Hélène Esnault (* 17. Juli 1953 in Paris) ist eine französisch-deutsche Mathematikerin und Hochschullehrerin, die sich mit Algebraischer Geometrie befasst.

Werdegang

Esnault wuchs als Arbeiterkind in einer Vorstadt von Paris auf. Wegen ihrer sehr guten Leistungen in der Schule wurde sie nach dem Abitur in eine Vorbereitungsklasse für das Studium der Mathematik an einer Grande école in Paris aufgenommen, wo sie das einzige Mädchen war. Nach ihrer eigenen Aussage wusste sie vorher noch nicht einmal, dass man Mathematik studieren kann.[1]

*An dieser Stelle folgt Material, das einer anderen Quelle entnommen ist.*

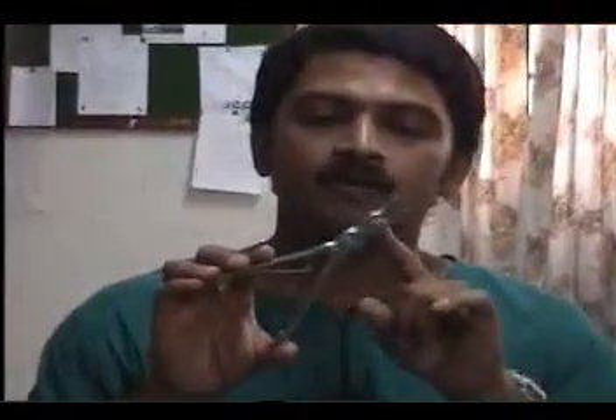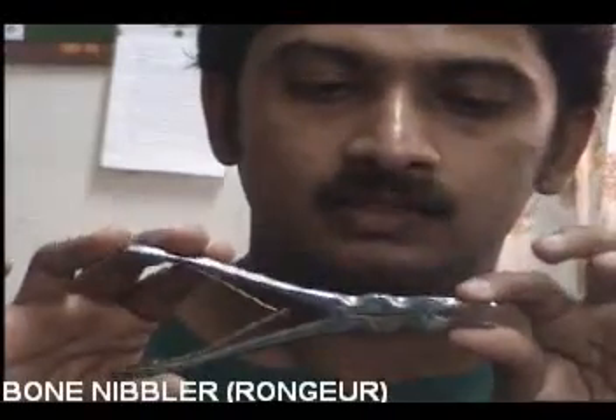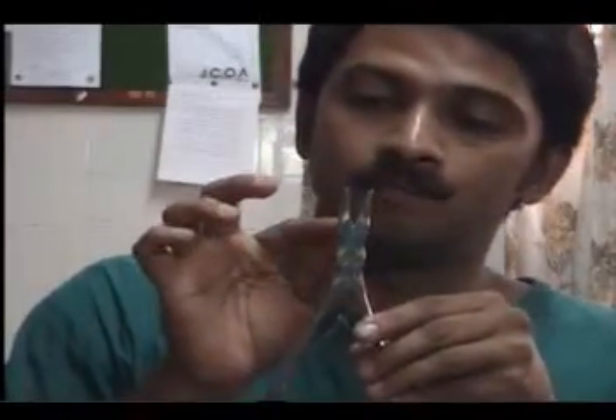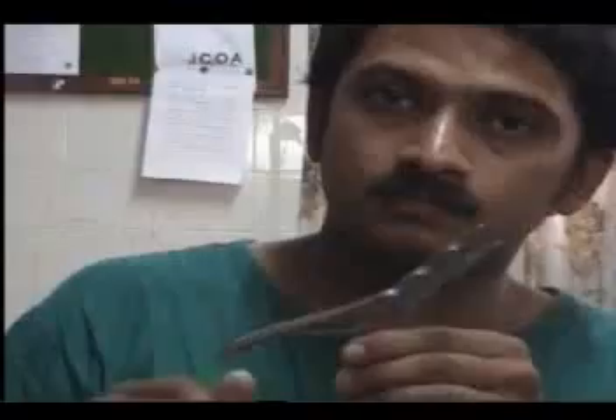The nibbler is very commonly seen and may have a single hinge or a double hinge to increase the leverage action — this is called the double action bone nibbler. There is no much difference in shape between an ordinary nibbler and a double action nibbler except the number of hinges. If you look at the nibbler, it actually looks like two spoons coming together. Depending on the hinge and the straightness, it may be a single action nibbler, a double action nibbler, or a goose neck or swan neck nibbler which has two bends. These are all used in different situations, but the mechanism is the same.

Ab 1973 studierte Esnault an der École normale supérieure de Jeune Filles, erhielt 1975 ihr Diplom (DEA) an der Universität Paris VII und 1976 ihre Agrégation. 1976 wurde sie dort bei Lê Dũng Tráng promoviert (Singularités rationelles et groupes algébriques).[2] Der zweite Teil der französischen Promotion (Doctorat d´Etat) folgte dort 1984. Außerdem habilitierte sie sich 1985 an der Universität Bonn, wo sie 1983 bis 1985 Gastwissenschaftlerin am Max-Planck-Institut für Mathematik war. 1977 bis 1983 war sie Assistentin an der Universität Paris VII und 1989/90 Maître de conférences. Ab 1990 war sie Professorin an der Universität Duisburg-Essen. Seit Herbst 2012 hat sie die erste Einstein-Professur an der Freien Universität Berlin inne. Zuvor war sie Professorin für Algebraische Geometrie an der Universität Duisburg-Essen in Essen, sowie am Max-Planck-Institut für Mathematik in Bonn und an der Universität Paris VII tätig. Sie ist im Gremium des Exzellenzclusters MATH+.[3]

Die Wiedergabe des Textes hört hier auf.